* [ACTIVITY]:
Copy out exactly, and only, the lines from the one containing "CA2 CA4 CA9" through the end of the entries. No pictures.

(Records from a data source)
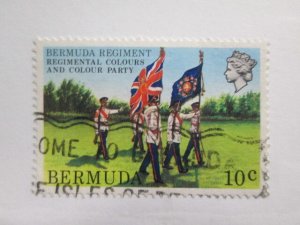 Bermuda #423 used  2022 SCV = $0.25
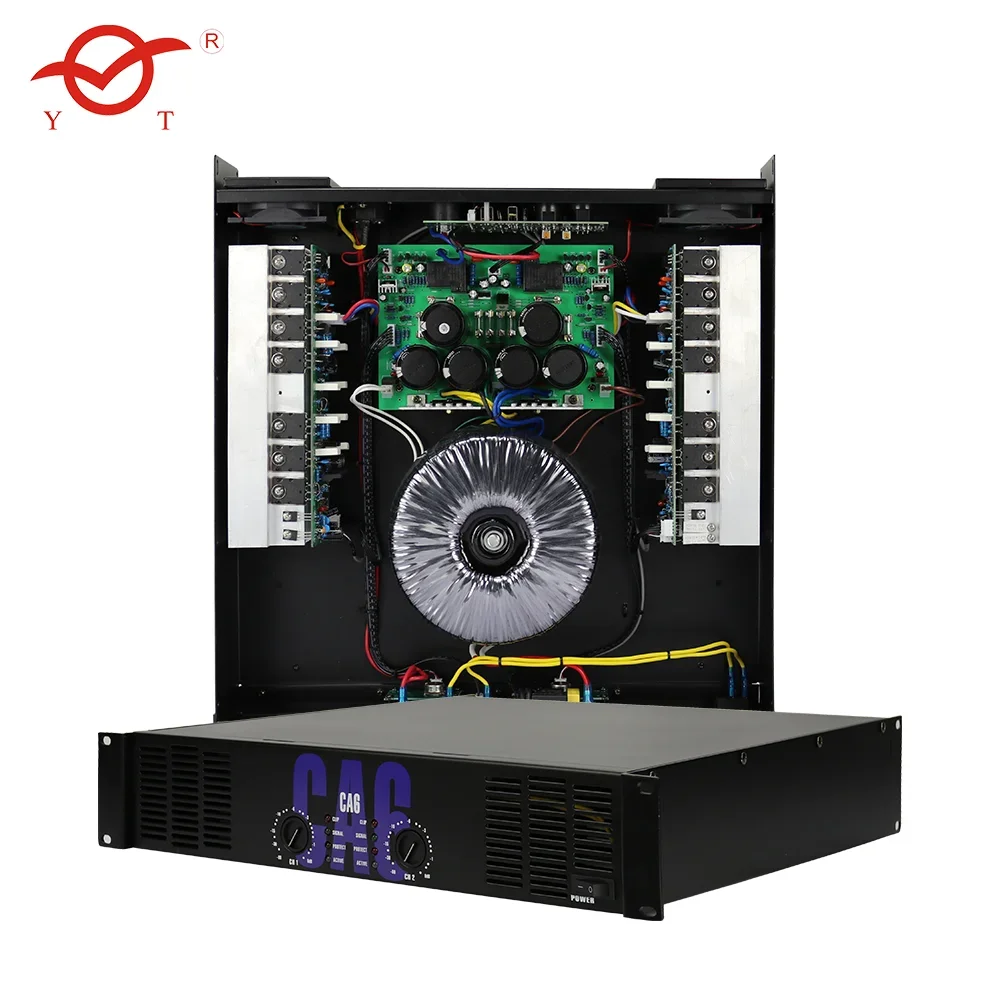 CA2 CA4 CA9 CA12 CA18 CA30 Professional Sound Standard CA20 2000 Watts Crest Audio Power Amplifier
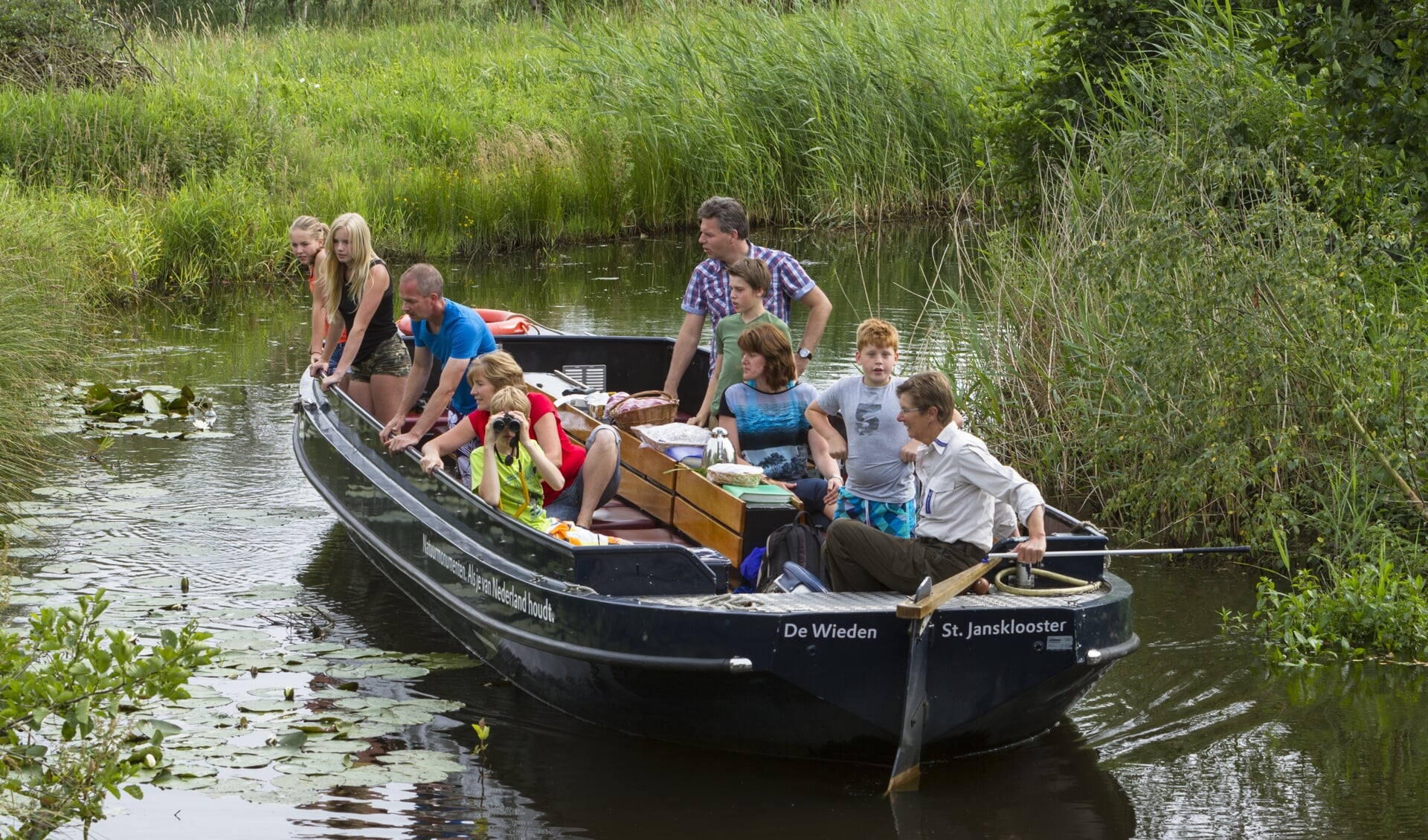 Nationaal Park Weerribben-Wieden, De Wieden, Sint Jansklooster, Steenwijkerland, Kop van Overijssel, Overijssel, Nederland, Europa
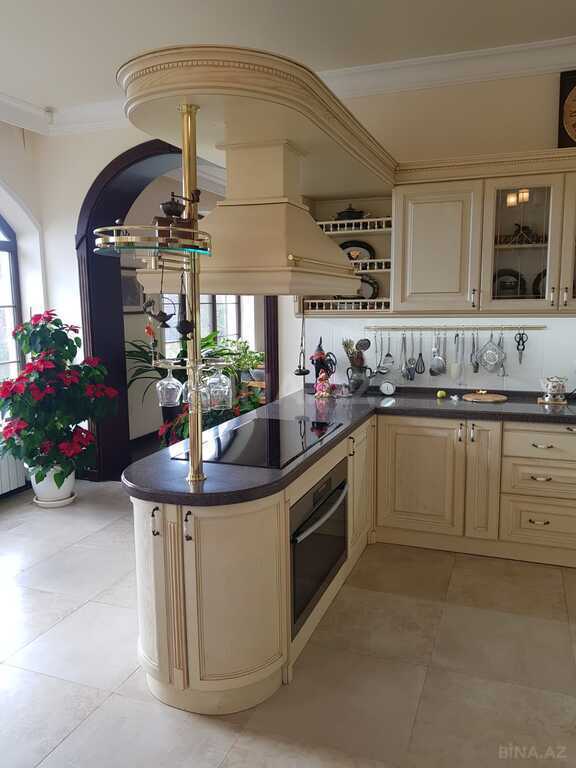 5 otaqlı həyət evi/bağ evi - Qəbələ - 460 m² (17)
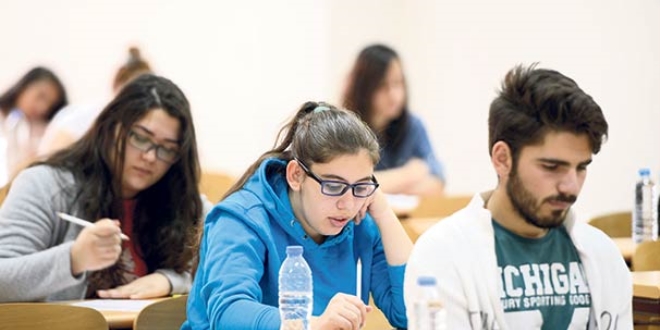 2018'de sınavlar tam gaz sürecek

* [EXERCISE OUTPUT]:
 CA2 CA4 CA9 CA12 CA18 CA30 Professional Sound Standard CA20 2000 Watts Crest Audio Power Amplifier
 Nationaal Park Weerribben-Wieden, De Wieden, Sint Jansklooster, Steenwijkerland, Kop van Overijssel, Overijssel, Nederland, Europa
 5 otaqlı həyət evi/bağ evi - Qəbələ - 460 m² (17)
 2018'de sınavlar tam gaz sürecek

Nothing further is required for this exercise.